> [Given records]:

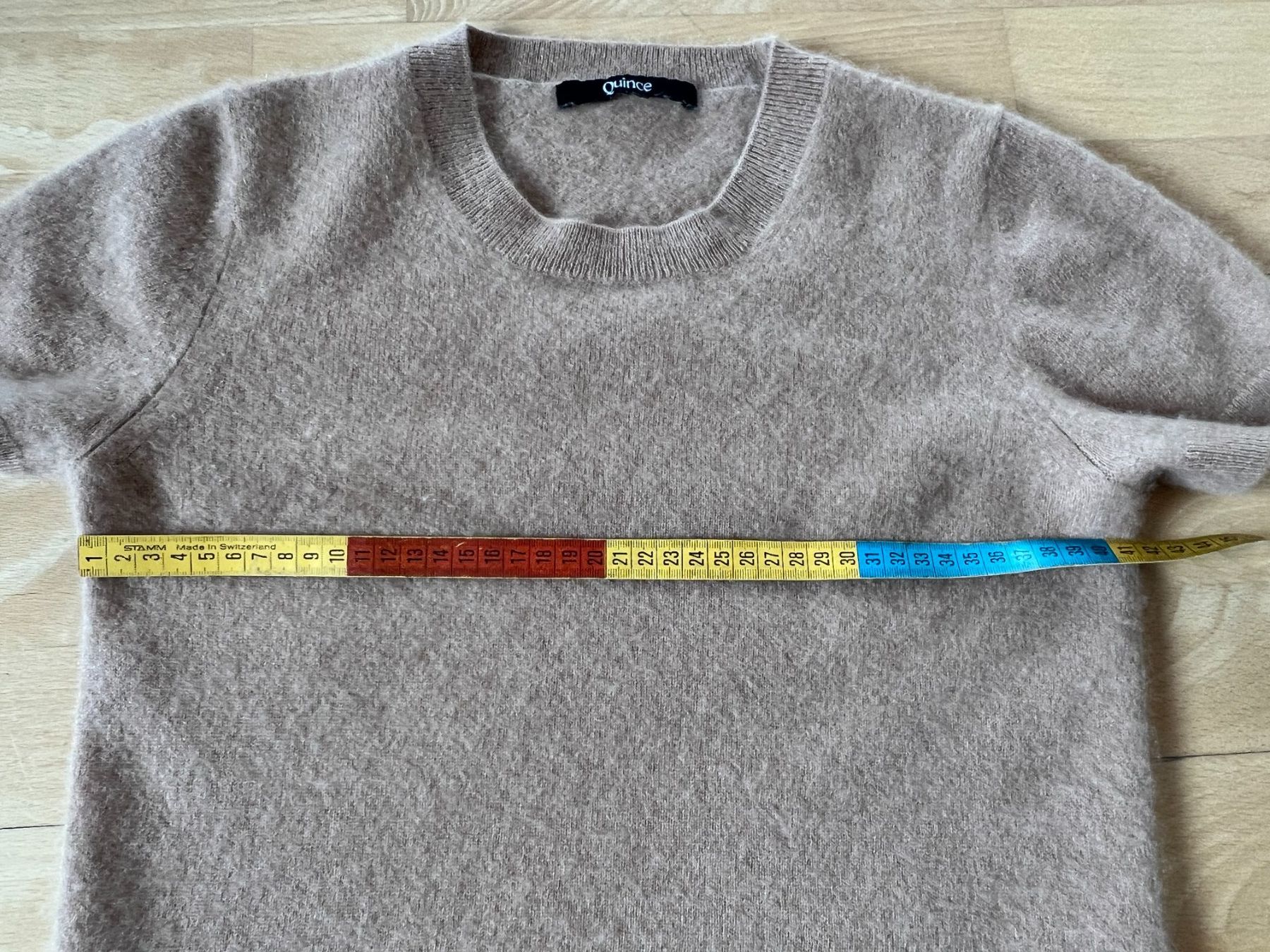Pullover & Sweatshirts: Quince kurzarm Pullover, 100% Kaschmir, Gr. S, Hellbraun – Gebraucht aus Worb von farben20zauber 4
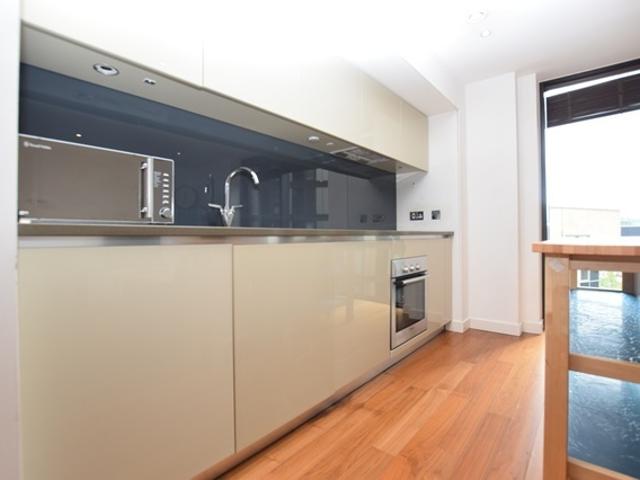 2 bedroom property to let in City Lofts,7 St Pauls Square,S1 2LB £1,300 pcm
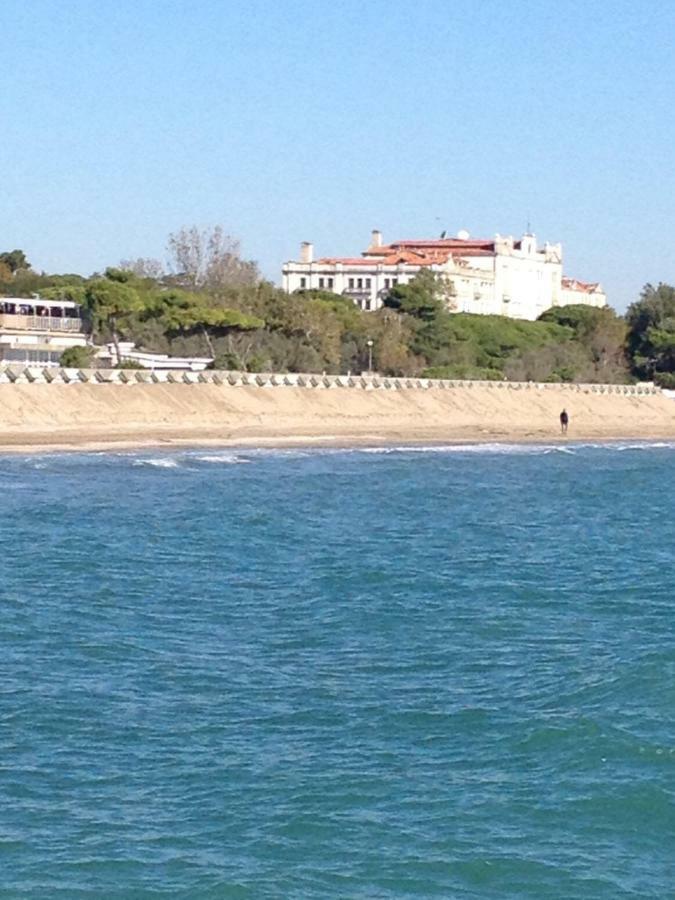 Via Cipro 16 Apartment Lido di Venezia Bagian luar foto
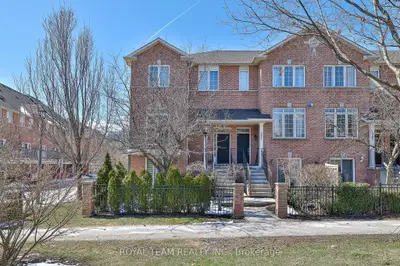 23 Observatory Lane 280, Richmond Hill, ON L4C 0M7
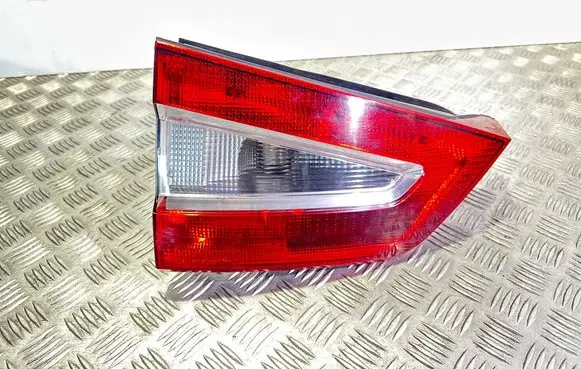 Ford Galaxy Tailgate rear/tail lights 6M2113A603EB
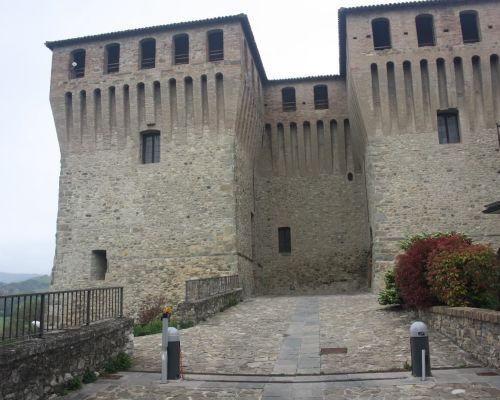 wp-content/uploads/2022/03/Castello-Pallavicino-lavoro-di-Electrical-Dado-a-Varano-De-Melegari-Parma-13.jpg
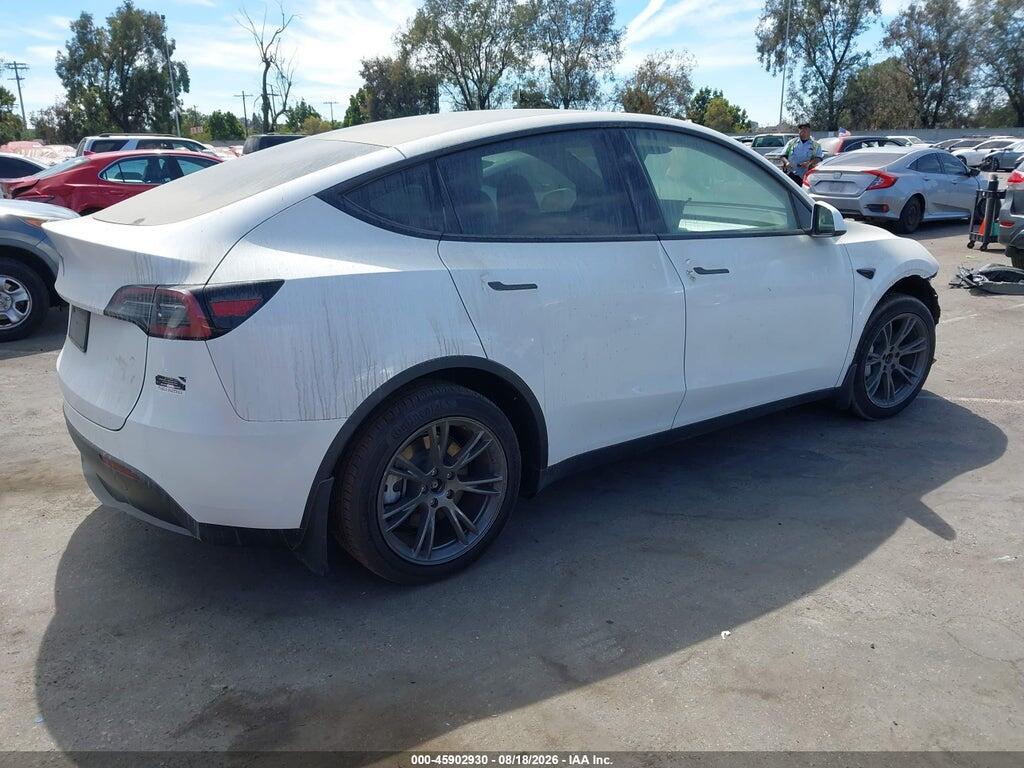 7SAYGDED8RF126531 2024 TESLA MODEL Y photo no. 4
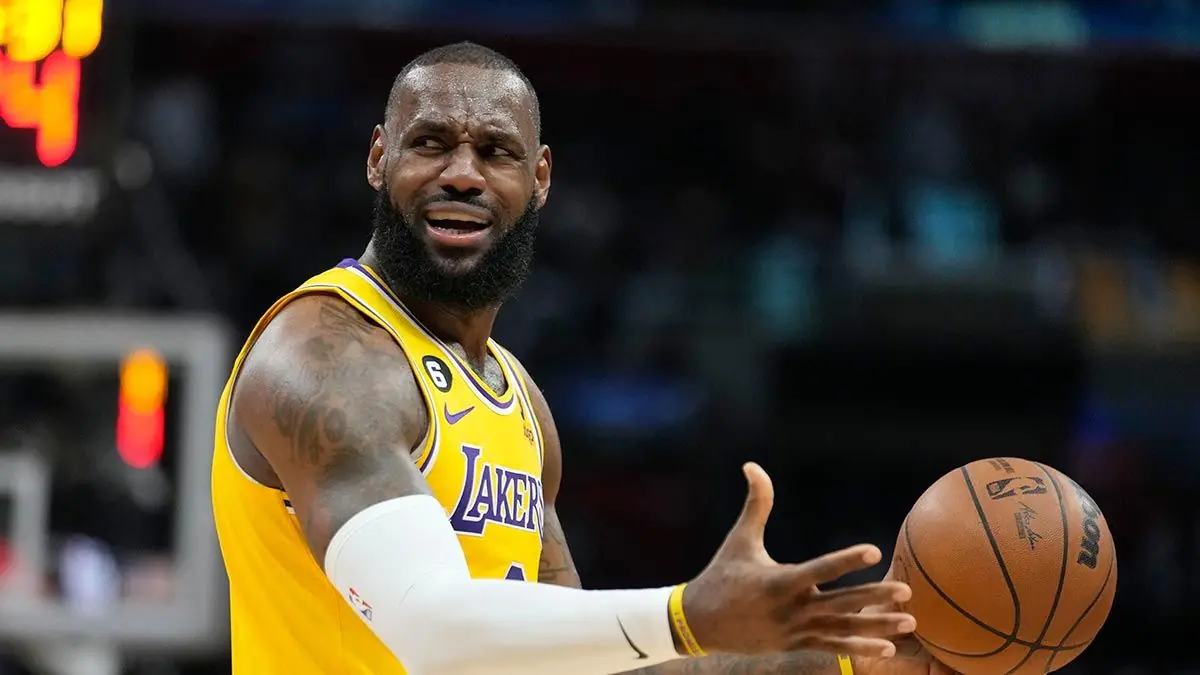 NBA／詹皇 LeBron James 切入分球傳給板凳席的 Westbrook，遭對方虧：「傳得真好！」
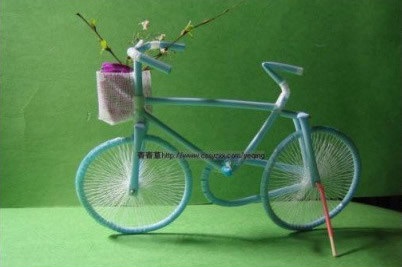Sepeda mainan dari sedotan bekas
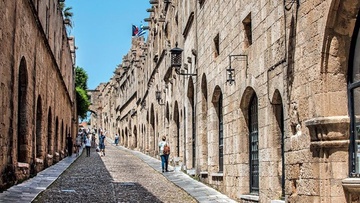 Υπεγράφη η σύμβαση για την αποκατάσταση του οδοστρώματος της οδού Ιπποτών στην Μεσαιωνική πόλη της Ρόδου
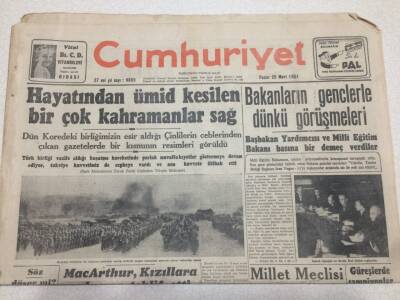 Cumhuriyet Gazetesi 25 Mart 1951 - Koredeki Birliğimizin Esir Aldığı Çinliler GZ52611 - 1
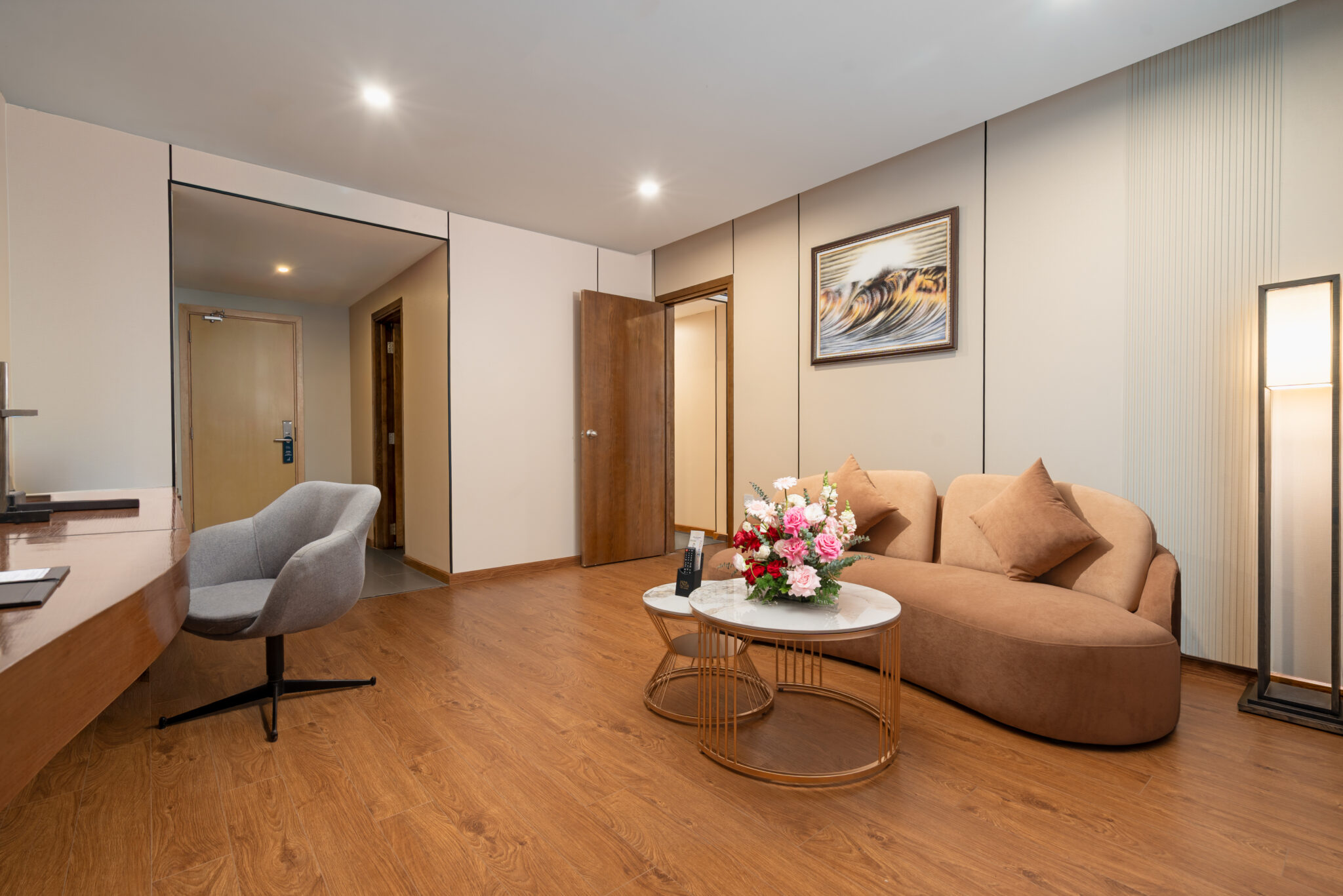 Suite - Living in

> [Task to complete]: Each record above should be repeated exactly, please, without pictures.

> [Solution]:
Pullover & Sweatshirts: Quince kurzarm Pullover, 100% Kaschmir, Gr. S, Hellbraun – Gebraucht aus Worb von farben20zauber 4
 2 bedroom property to let in City Lofts,7 St Pauls Square,S1 2LB £1,300 pcm
 Via Cipro 16 Apartment Lido di Venezia Bagian luar foto
 23 Observatory Lane 280, Richmond Hill, ON L4C 0M7
 Ford Galaxy Tailgate rear/tail lights 6M2113A603EB
 wp-content/uploads/2022/03/Castello-Pallavicino-lavoro-di-Electrical-Dado-a-Varano-De-Melegari-Parma-13.jpg
 7SAYGDED8RF126531 2024 TESLA MODEL Y photo no. 4
 NBA／詹皇 LeBron James 切入分球傳給板凳席的 Westbrook，遭對方虧：「傳得真好！」
Sepeda mainan dari sedotan bekas
 Υπεγράφη η σύμβαση για την αποκατάσταση του οδοστρώματος της οδού Ιπποτών στην Μεσαιωνική πόλη της Ρόδου
 Cumhuriyet Gazetesi 25 Mart 1951 - Koredeki Birliğimizin Esir Aldığı Çinliler GZ52611 - 1
 Suite - Living in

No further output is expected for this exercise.